• Work order:
With the pictures removed, please write out every line below exactly as given.

• Supplied material:
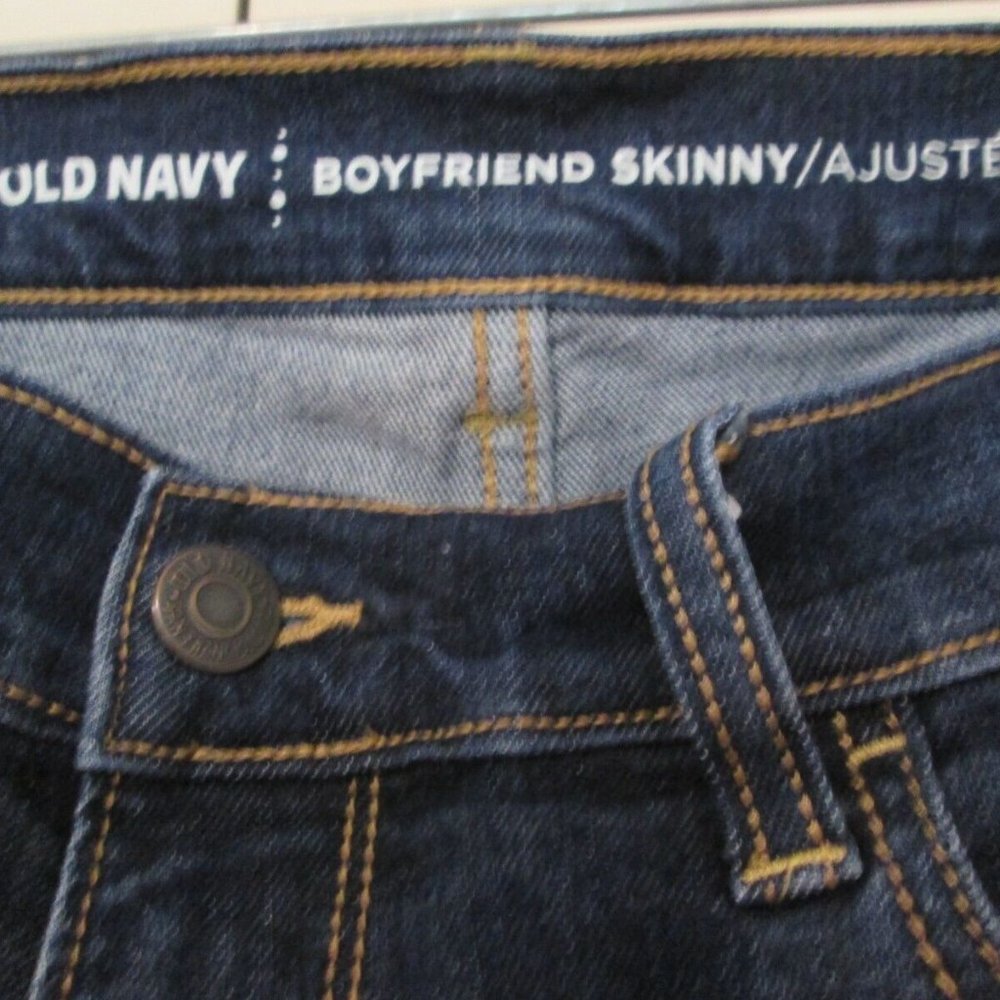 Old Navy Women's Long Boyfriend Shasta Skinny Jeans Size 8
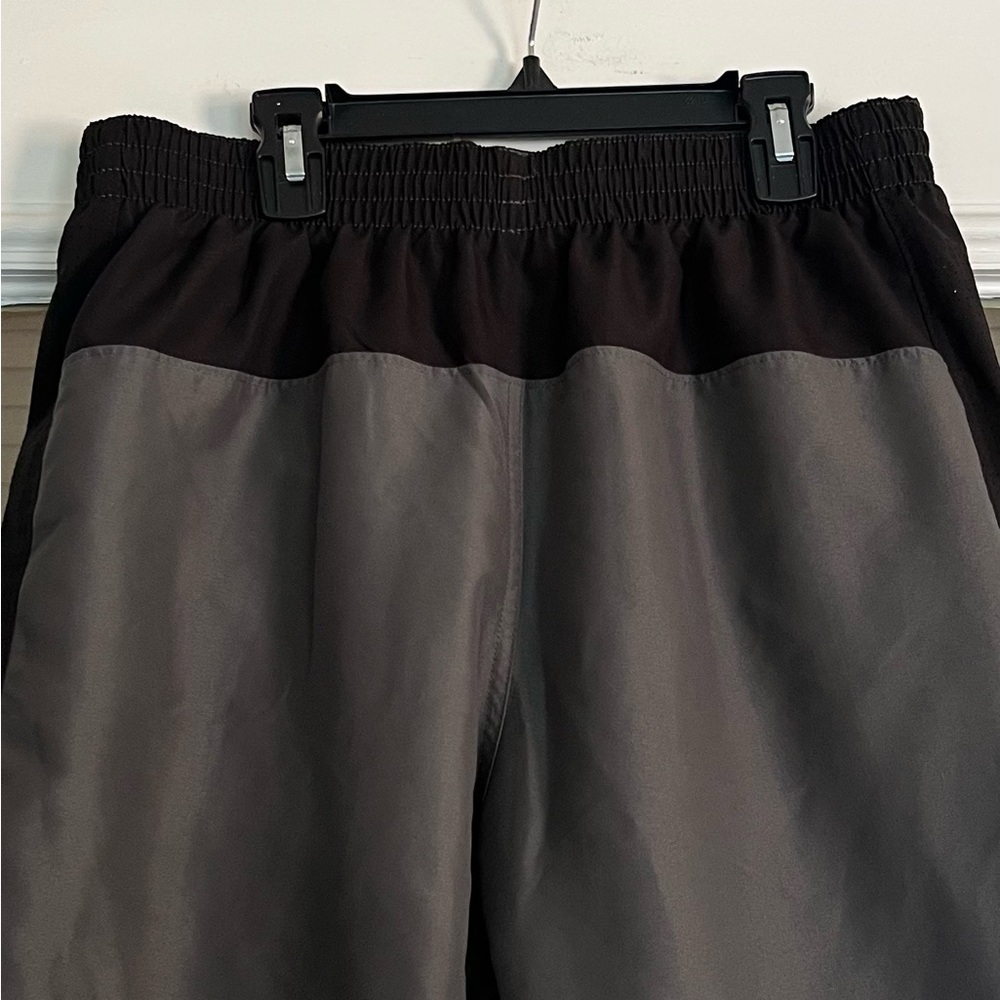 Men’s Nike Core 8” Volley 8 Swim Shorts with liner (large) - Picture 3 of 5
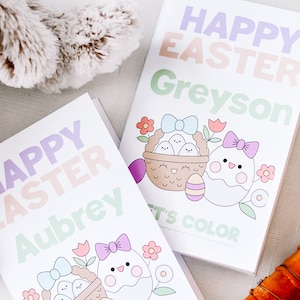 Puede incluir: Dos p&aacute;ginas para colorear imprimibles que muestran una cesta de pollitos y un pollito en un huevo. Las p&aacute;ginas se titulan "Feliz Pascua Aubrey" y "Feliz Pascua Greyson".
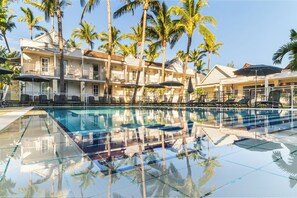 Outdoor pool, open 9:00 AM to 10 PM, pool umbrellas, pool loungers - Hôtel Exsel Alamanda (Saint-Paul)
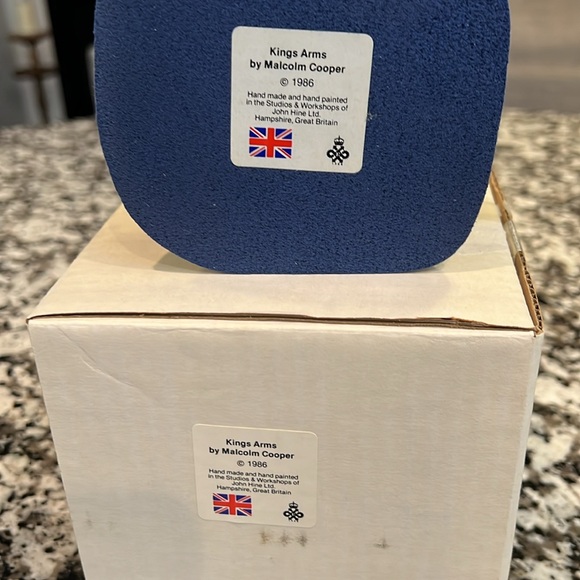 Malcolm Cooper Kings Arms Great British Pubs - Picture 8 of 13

• Solution for this exercise:
 Old Navy Women's Long Boyfriend Shasta Skinny Jeans Size 8
 Men’s Nike Core 8” Volley 8 Swim Shorts with liner (large) - Picture 3 of 5
 Puede incluir: Dos p&aacute;ginas para colorear imprimibles que muestran una cesta de pollitos y un pollito en un huevo. Las p&aacute;ginas se titulan "Feliz Pascua Aubrey" y "Feliz Pascua Greyson".
 Outdoor pool, open 9:00 AM to 10 PM, pool umbrellas, pool loungers - Hôtel Exsel Alamanda (Saint-Paul)
 Malcolm Cooper Kings Arms Great British Pubs - Picture 8 of 13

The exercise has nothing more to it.